Sheffield Digital Humanities Congress 2016: #dhcshef 100 Most Frequent Terms

 A view of the #dhcshef 2016 dataset with Martin Hawksey's TAGS Explorer
A view of the #dhcshef 2016 dataset created with Martin Hawksey’s TAGS Explorer

The Sheffield Digital Humanities Congress 2016 was held from the 8th to the 10th of September 2016 at the University of Sheffield. The full conference programme is available here: http://www.hrionline.ac.uk/dhc.

The event’s official hashtag was the same as in previous editions, #dhcshef.

I made a collection of Tweets tagged with #dhcshef published publicly between Monday September 05 2016 at 17:54:58 +0000 and Saturday September 10 2016 at 23:37:06 +0000. This time I used Tweepy 3.5.0, a Python wrapper for the Twitter API, for the collection. To compare results I also used, as usual, Martin Hawksey’s TAGS, with results being similar (I only collected Tweets from accounts with at least 1 follower).

As in previous occasions I extracted the text and usernames from this dataset and used VoyantTools for a basic text analysis. The dataset contained 1479 Tweets posted by 256 different accounts. 841 of those were RTs. The text of the Tweets composed a corpus with 26,094 total words and 3,057 unique word forms.

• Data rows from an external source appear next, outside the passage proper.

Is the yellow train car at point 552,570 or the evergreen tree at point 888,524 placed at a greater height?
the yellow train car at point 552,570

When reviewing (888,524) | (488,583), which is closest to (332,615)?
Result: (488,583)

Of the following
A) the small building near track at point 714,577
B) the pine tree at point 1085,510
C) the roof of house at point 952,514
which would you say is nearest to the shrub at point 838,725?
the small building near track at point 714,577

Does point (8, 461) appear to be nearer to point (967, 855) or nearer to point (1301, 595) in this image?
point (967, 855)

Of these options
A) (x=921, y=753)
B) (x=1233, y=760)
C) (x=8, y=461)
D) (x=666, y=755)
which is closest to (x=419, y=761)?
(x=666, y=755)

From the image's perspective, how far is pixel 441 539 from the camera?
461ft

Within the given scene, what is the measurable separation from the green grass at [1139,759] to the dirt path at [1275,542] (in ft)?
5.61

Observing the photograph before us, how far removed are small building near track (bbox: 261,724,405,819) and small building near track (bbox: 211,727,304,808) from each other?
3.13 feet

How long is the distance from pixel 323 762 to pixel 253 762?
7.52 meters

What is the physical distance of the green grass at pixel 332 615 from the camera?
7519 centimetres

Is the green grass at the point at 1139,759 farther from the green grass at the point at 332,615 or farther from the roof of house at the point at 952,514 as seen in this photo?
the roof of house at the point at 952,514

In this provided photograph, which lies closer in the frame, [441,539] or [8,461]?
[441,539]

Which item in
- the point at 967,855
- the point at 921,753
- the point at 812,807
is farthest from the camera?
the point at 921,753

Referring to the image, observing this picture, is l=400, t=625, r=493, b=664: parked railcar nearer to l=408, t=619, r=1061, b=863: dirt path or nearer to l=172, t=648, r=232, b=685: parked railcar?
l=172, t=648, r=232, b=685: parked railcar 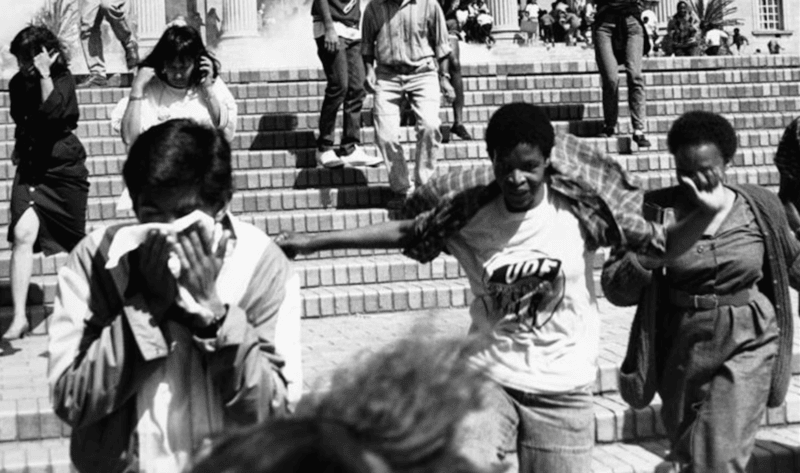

I used Voyant’s Terms tool to get the most frequent terms, applying an edited English stop words list that included Twitter and congress-specific terms (this means that words expected to be frequent like ‘digital’, ‘humanities’, ‘congress’, ‘sheffield’, as well as usernames, project’s names and people’s names were filtered out). I exported a list of 500 most frequent terms and then I manually refined the data so remaining people or project’s names were removed. (This is not case sensitive so I may have made mistakes and further disambiguation and refining would be required). If you are interested I previously detailed a similar methodology here.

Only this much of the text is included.